(DATA)

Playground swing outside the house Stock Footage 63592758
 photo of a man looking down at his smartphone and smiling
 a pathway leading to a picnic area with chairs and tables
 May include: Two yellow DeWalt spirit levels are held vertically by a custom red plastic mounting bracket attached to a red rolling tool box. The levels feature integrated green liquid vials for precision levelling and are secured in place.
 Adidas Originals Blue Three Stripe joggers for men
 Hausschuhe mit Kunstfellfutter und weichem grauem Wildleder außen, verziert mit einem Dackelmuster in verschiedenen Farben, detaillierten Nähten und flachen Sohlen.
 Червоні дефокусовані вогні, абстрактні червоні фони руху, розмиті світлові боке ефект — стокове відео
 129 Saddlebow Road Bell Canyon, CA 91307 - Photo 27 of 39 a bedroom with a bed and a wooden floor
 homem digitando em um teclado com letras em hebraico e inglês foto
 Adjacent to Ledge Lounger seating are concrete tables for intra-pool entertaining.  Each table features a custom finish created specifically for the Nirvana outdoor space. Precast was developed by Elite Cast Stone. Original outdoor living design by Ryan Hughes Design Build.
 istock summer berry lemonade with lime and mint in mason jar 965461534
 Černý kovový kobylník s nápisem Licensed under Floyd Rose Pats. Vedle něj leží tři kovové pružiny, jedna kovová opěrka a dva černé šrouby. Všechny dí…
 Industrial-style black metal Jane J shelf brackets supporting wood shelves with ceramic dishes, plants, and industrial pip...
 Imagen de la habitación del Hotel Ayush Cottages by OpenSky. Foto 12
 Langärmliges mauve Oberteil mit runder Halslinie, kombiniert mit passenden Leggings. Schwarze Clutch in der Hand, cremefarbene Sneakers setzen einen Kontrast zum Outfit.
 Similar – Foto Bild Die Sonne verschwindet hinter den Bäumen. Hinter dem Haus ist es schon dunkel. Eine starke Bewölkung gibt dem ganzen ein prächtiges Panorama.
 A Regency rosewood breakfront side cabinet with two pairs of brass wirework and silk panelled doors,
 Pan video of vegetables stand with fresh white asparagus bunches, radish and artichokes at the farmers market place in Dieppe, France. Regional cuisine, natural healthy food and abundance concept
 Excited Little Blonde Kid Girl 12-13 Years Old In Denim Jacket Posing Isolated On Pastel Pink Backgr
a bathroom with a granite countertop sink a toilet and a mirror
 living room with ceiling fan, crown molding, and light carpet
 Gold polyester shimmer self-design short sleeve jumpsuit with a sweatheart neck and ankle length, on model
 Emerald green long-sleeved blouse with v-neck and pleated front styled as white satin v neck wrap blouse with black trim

(End DATA)

**WHAT TO WORK ON**
Going line by line, repeat the whole listing exactly.

**YOUR SOLUTION**
Playground swing outside the house Stock Footage 63592758
 photo of a man looking down at his smartphone and smiling
 a pathway leading to a picnic area with chairs and tables
 May include: Two yellow DeWalt spirit levels are held vertically by a custom red plastic mounting bracket attached to a red rolling tool box. The levels feature integrated green liquid vials for precision levelling and are secured in place.
 Adidas Originals Blue Three Stripe joggers for men
 Hausschuhe mit Kunstfellfutter und weichem grauem Wildleder außen, verziert mit einem Dackelmuster in verschiedenen Farben, detaillierten Nähten und flachen Sohlen.
 Червоні дефокусовані вогні, абстрактні червоні фони руху, розмиті світлові боке ефект — стокове відео
 129 Saddlebow Road Bell Canyon, CA 91307 - Photo 27 of 39 a bedroom with a bed and a wooden floor
 homem digitando em um teclado com letras em hebraico e inglês foto
 Adjacent to Ledge Lounger seating are concrete tables for intra-pool entertaining.  Each table features a custom finish created specifically for the Nirvana outdoor space. Precast was developed by Elite Cast Stone. Original outdoor living design by Ryan Hughes Design Build.
 istock summer berry lemonade with lime and mint in mason jar 965461534
 Černý kovový kobylník s nápisem Licensed under Floyd Rose Pats. Vedle něj leží tři kovové pružiny, jedna kovová opěrka a dva černé šrouby. Všechny dí…
 Industrial-style black metal Jane J shelf brackets supporting wood shelves with ceramic dishes, plants, and industrial pip...
 Imagen de la habitación del Hotel Ayush Cottages by OpenSky. Foto 12
 Langärmliges mauve Oberteil mit runder Halslinie, kombiniert mit passenden Leggings. Schwarze Clutch in der Hand, cremefarbene Sneakers setzen einen Kontrast zum Outfit.
 Similar – Foto Bild Die Sonne verschwindet hinter den Bäumen. Hinter dem Haus ist es schon dunkel. Eine starke Bewölkung gibt dem ganzen ein prächtiges Panorama.
 A Regency rosewood breakfront side cabinet with two pairs of brass wirework and silk panelled doors,
 Pan video of vegetables stand with fresh white asparagus bunches, radish and artichokes at the farmers market place in Dieppe, France. Regional cuisine, natural healthy food and abundance concept
 Excited Little Blonde Kid Girl 12-13 Years Old In Denim Jacket Posing Isolated On Pastel Pink Backgr
a bathroom with a granite countertop sink a toilet and a mirror
 living room with ceiling fan, crown molding, and light carpet
 Gold polyester shimmer self-design short sleeve jumpsuit with a sweatheart neck and ankle length, on model
 Emerald green long-sleeved blouse with v-neck and pleated front styled as white satin v neck wrap blouse with black trim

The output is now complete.